▶ Problem statement
Take the entries below and reproduce exactly the portion that begins at the line containing "to Customized Blanket" and ends at the line containing "For Huawei Watch", keeping both ends, dropping pictures, and adding nothing else.

▶ Dataset
:::
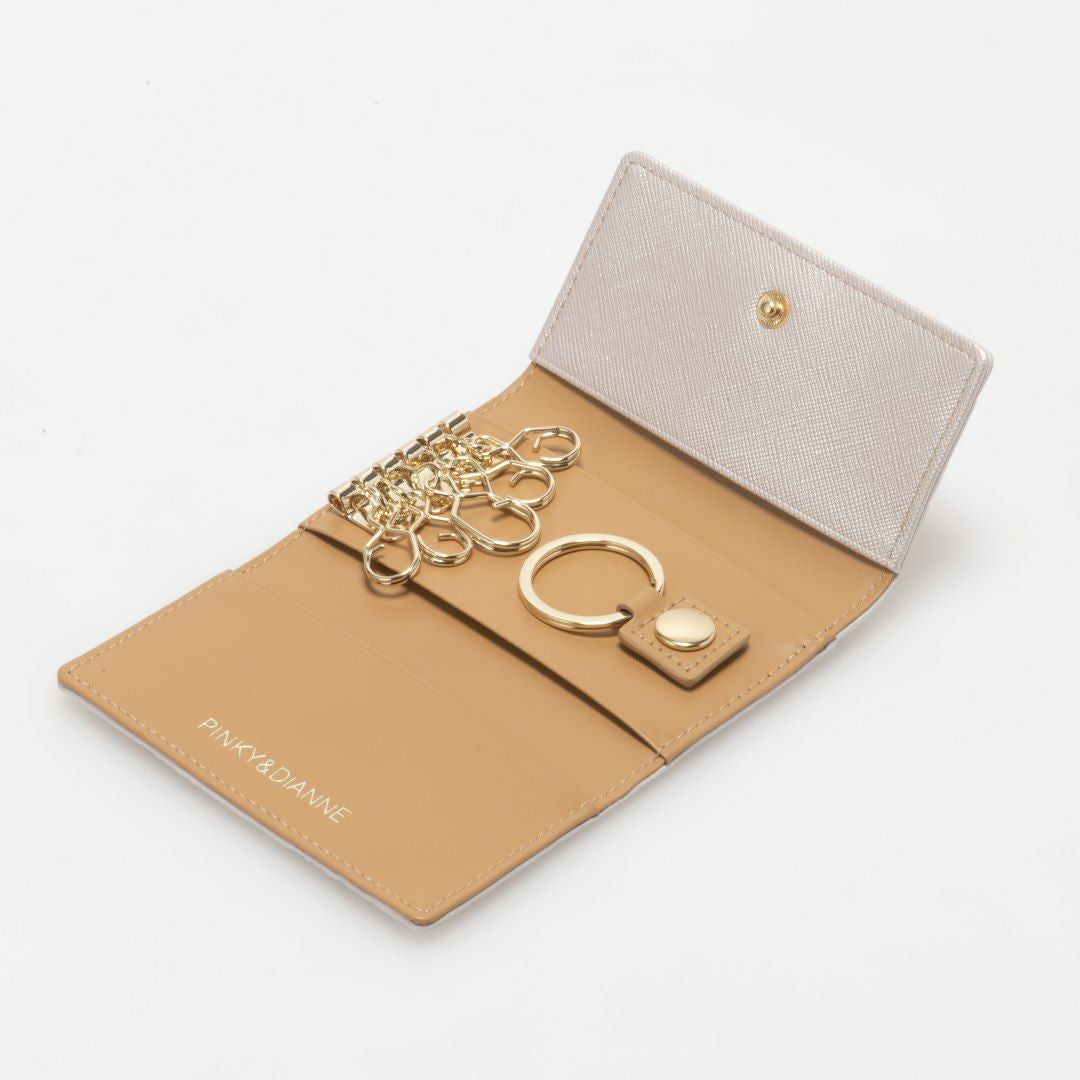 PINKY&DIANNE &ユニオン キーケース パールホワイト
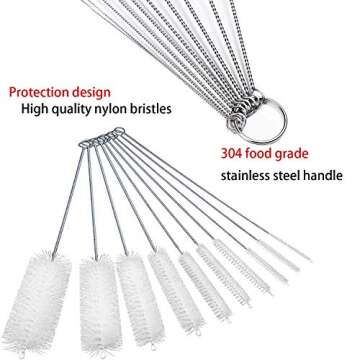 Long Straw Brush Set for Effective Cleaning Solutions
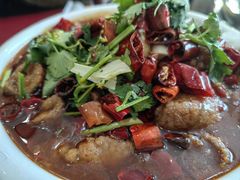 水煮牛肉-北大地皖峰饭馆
:::
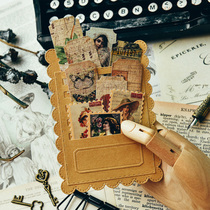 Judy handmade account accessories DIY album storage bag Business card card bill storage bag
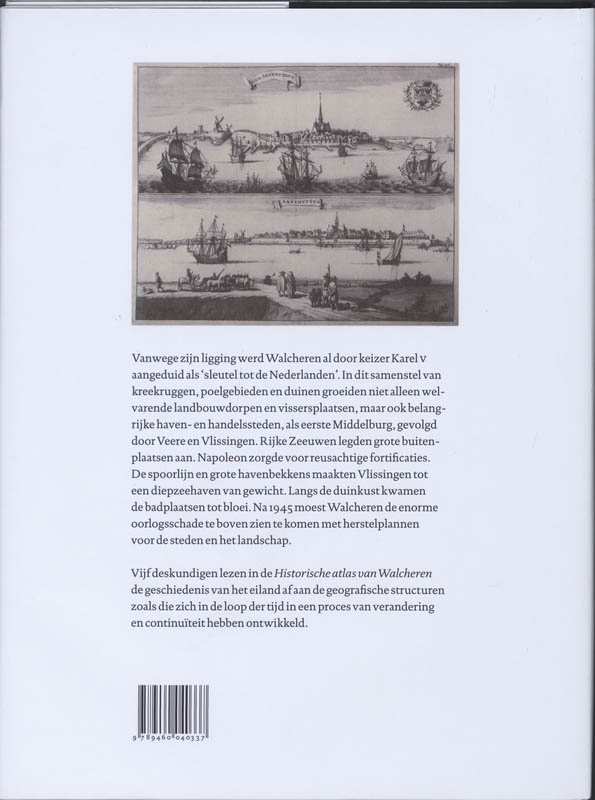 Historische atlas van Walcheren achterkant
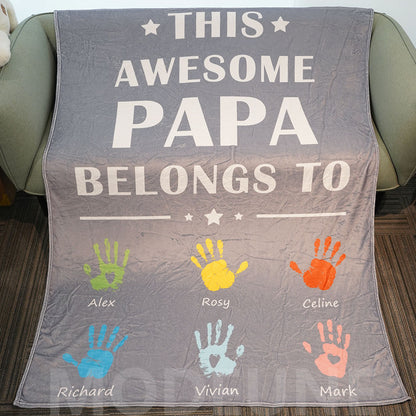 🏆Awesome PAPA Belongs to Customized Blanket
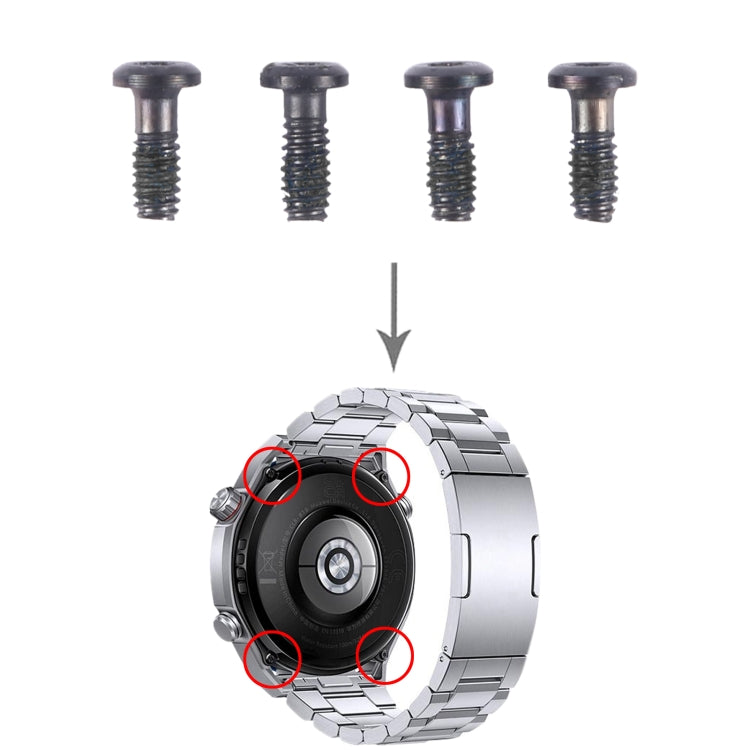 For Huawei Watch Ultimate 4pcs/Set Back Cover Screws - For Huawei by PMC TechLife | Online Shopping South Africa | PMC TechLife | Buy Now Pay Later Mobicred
:::
▶ Problem solution
 🏆Awesome PAPA Belongs to Customized Blanket
 For Huawei Watch Ultimate 4pcs/Set Back Cover Screws - For Huawei by PMC TechLife | Online Shopping South Africa | PMC TechLife | Buy Now Pay Later Mobicred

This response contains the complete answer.